Hingis will never reach her former heights, but the tour is still better just having her around. Over time, most have not only forgotten why they weren't exactly tearing up over Hingis' announced exit after the '02 season, but also the drug-like effect the teenaged Swiss Miss had on the tennis world when she first pounced onto centerstage in the pre-Williams era. Her devilish grin was infectious... at least until she turned into a little "devil incarnate" while trying to navigate the passage from teen-to-adult (so sue her -- she's not Steffi Graf). A tennis lifetime has passed in the few short years Hingis has been away. So much has happened (in 2002, it was "Maria who?"), and she'll have to have commensurably matured to fight her way through the inherent disadvantages of essentially being away from the game for three years. It's difficult not to have doubts that she has the goods to do it.

The first major test for Hingis will likely come in Melbourne, where she reached the final six consecutive times from 1997-02, a run that continued even after her dominance had waned. She's comfortable there, and the games of many of the other top players usually haven't gelled so early in the season. Hmmm... could you imagine if she somehow pulled off a miracle and continued that streak next month? Hmmm... if she made the final, that'd mean she could...

Nah, that'll never happen. It's just not realistic. Hmmm... where have I heard that refrain before?

1.Hingis will find things slow going early on as she struggles with her fitness and the ability to play three full, tough sets.
2.Still, in Melbourne, she'll get her first slam singles match win since the '02 U.S. Open. In fact, she'll get a handful of them at her best slam event.
3.As the season moves along, Hingis will take advantage of injuries to top players to reach at least the QF of a slam (probably Roland Garros).
4.She'll add at least two moderately-tiered (III, and maybe a less-populated II) crowns to her career haul of 40 WTA singles titles, winning them on multiple surfaces.
5.Finally, Hingis will close the year in the Top 30 and start spinning tails to anyone who'll listen about how she'll return to the Top 10 in 2007.

All for now.


Keep coming back to WTA Backspin pretty much every day for the next two weeks for more "Intriguing Questions," predictions and previews in preparation for the kickoff of the 2006 season over New Year's weekend.
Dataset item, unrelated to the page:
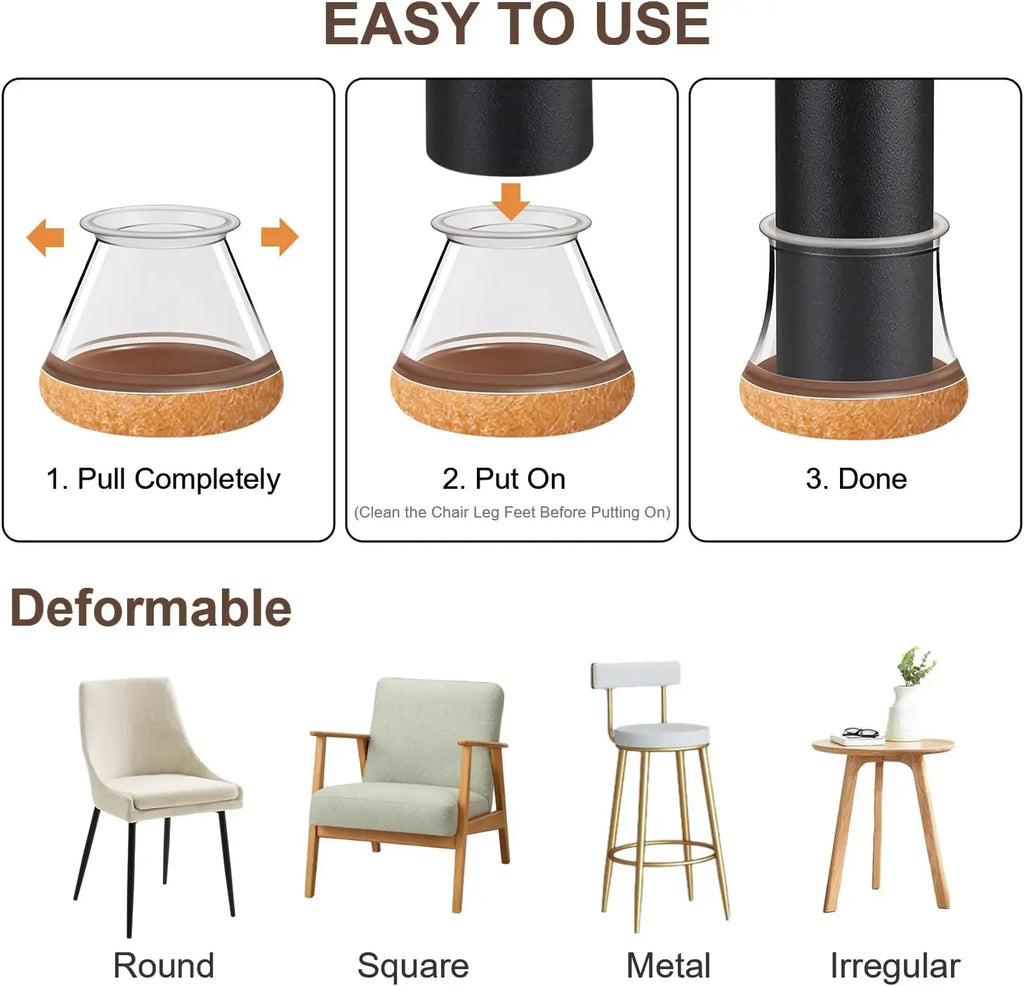 24-Pack Silicone Chair Leg Caps – Transparent Floor Protectors Furniture Leg Caps Axl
Next: So many comebacks, so little Backspin Blogtown time.


Blogger thesupernova said...

Woohoo!!! I'm so glad you're back. Your article has gotten me really excited for next year and what Hingis could bring to the tour. I would love to see her come back and be able to really compete. Can you imagine if she got to the final at Oz? I can. And it would be freakin awesome!!! Especially if it was Sharapova in the final with her. That's my dream Oz final right now.
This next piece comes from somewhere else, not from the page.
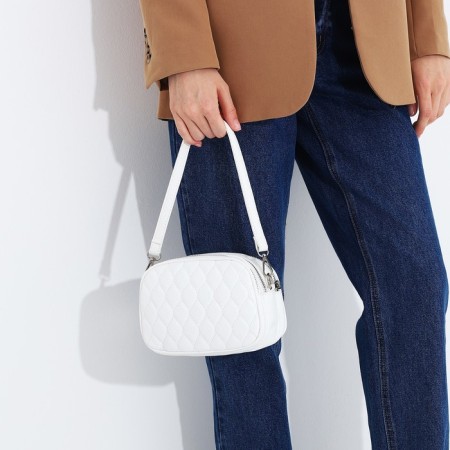 Bag Cross-Bodi with a zipper, white color-6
Mon Dec 19, 03:27:00 PM EST  
Blogger Todd Spiker said...

Fair warning... my predictions for Sharapova won't be very "grand" for 2006. But I have a legitimate reason, based on past historical facts, for it (and I've mentioned it in Backspin once in the past... though you'd probably have to have a photographic memory to recall it).

The better news is that the scenario might mean incredible things for her in 2007, though.:)

They say good things come to those who wait, right? Of course, Sharapova doesn't like to wait for things and might blow up the theory right out of the box in Melbourne next month.

Mon Dec 19, 07:43:00 PM EST  
Blogger thesupernova said...

Even though I loathe to admit, I don't think Sharapova will have 2006 that I will look back fondly on. That Oz final is definately a dream. But what would the world be without dreams?